> _Required action_: Return the lines of the data below exactly. Start at the first and end with the line containing "DAHLIA CRICHTON HONEY".

= = = =

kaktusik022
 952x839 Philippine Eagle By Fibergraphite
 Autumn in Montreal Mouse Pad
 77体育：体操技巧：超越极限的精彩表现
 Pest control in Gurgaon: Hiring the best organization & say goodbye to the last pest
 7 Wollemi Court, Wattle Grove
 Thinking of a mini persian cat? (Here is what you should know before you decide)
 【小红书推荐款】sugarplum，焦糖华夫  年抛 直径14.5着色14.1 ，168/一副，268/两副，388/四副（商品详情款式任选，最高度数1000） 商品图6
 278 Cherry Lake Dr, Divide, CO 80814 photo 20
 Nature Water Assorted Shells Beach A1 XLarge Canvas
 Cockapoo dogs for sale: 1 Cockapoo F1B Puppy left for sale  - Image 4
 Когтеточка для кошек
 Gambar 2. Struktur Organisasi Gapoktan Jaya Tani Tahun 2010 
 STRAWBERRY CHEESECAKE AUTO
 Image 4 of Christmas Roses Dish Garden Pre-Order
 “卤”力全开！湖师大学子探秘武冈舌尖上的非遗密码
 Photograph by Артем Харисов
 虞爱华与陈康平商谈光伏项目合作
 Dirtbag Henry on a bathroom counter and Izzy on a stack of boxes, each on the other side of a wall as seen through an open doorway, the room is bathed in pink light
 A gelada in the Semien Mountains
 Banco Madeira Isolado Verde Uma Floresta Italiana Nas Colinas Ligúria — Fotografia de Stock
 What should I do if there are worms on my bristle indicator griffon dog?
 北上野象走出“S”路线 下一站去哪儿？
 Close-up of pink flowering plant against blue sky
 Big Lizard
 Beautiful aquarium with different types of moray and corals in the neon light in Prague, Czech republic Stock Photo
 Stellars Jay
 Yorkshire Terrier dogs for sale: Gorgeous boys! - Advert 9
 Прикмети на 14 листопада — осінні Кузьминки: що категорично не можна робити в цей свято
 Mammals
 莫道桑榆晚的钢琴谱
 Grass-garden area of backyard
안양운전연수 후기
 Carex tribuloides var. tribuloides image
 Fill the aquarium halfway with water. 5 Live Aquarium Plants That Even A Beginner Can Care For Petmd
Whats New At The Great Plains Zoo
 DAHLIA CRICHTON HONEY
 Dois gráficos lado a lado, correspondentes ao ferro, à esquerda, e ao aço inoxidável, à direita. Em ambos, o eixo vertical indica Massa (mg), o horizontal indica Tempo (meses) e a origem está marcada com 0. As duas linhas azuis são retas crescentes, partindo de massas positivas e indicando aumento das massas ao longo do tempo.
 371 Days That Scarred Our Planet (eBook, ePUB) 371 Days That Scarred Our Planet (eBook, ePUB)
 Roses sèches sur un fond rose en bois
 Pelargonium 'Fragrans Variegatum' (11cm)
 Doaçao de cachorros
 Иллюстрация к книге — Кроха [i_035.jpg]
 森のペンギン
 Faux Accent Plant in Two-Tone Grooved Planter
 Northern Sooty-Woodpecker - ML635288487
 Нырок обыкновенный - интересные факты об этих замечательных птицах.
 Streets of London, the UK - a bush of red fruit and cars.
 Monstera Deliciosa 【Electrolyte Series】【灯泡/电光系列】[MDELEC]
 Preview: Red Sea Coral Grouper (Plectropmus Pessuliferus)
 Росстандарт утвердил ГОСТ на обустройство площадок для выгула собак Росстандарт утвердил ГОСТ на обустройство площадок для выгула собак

= = = =

> _Task solution_:
kaktusik022
 952x839 Philippine Eagle By Fibergraphite
 Autumn in Montreal Mouse Pad
 77体育：体操技巧：超越极限的精彩表现
 Pest control in Gurgaon: Hiring the best organization & say goodbye to the last pest
 7 Wollemi Court, Wattle Grove
 Thinking of a mini persian cat? (Here is what you should know before you decide)
 【小红书推荐款】sugarplum，焦糖华夫  年抛 直径14.5着色14.1 ，168/一副，268/两副，388/四副（商品详情款式任选，最高度数1000） 商品图6
 278 Cherry Lake Dr, Divide, CO 80814 photo 20
 Nature Water Assorted Shells Beach A1 XLarge Canvas
 Cockapoo dogs for sale: 1 Cockapoo F1B Puppy left for sale  - Image 4
 Когтеточка для кошек
 Gambar 2. Struktur Organisasi Gapoktan Jaya Tani Tahun 2010 
 STRAWBERRY CHEESECAKE AUTO
 Image 4 of Christmas Roses Dish Garden Pre-Order
 “卤”力全开！湖师大学子探秘武冈舌尖上的非遗密码
 Photograph by Артем Харисов
 虞爱华与陈康平商谈光伏项目合作
 Dirtbag Henry on a bathroom counter and Izzy on a stack of boxes, each on the other side of a wall as seen through an open doorway, the room is bathed in pink light
 A gelada in the Semien Mountains
 Banco Madeira Isolado Verde Uma Floresta Italiana Nas Colinas Ligúria — Fotografia de Stock
 What should I do if there are worms on my bristle indicator griffon dog?
 北上野象走出“S”路线 下一站去哪儿？
 Close-up of pink flowering plant against blue sky
 Big Lizard
 Beautiful aquarium with different types of moray and corals in the neon light in Prague, Czech republic Stock Photo
 Stellars Jay
 Yorkshire Terrier dogs for sale: Gorgeous boys! - Advert 9
 Прикмети на 14 листопада — осінні Кузьминки: що категорично не можна робити в цей свято
 Mammals
 莫道桑榆晚的钢琴谱
 Grass-garden area of backyard
안양운전연수 후기
 Carex tribuloides var. tribuloides image
 Fill the aquarium halfway with water. 5 Live Aquarium Plants That Even A Beginner Can Care For Petmd
Whats New At The Great Plains Zoo
 DAHLIA CRICHTON HONEY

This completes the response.